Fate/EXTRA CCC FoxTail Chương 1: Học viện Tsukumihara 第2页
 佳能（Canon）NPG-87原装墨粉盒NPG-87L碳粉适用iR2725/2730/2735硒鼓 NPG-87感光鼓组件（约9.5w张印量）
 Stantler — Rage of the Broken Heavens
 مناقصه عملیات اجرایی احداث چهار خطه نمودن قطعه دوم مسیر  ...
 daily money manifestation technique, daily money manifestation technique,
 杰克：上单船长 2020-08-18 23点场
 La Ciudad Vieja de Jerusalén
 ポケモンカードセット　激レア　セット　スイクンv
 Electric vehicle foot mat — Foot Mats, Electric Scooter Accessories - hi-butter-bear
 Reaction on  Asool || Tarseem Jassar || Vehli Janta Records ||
......
== WHAT YOU WILL DO ==
Start at the line holding "daily money manifestation technique, daily" and retype each line through the end of the material above, both included.

== SOLUTION FOR THIS PROBLEM ==
 daily money manifestation technique, daily money manifestation technique,
 杰克：上单船长 2020-08-18 23点场
 La Ciudad Vieja de Jerusalén
 ポケモンカードセット　激レア　セット　スイクンv
 Electric vehicle foot mat — Foot Mats, Electric Scooter Accessories - hi-butter-bear
 Reaction on  Asool || Tarseem Jassar || Vehli Janta Records ||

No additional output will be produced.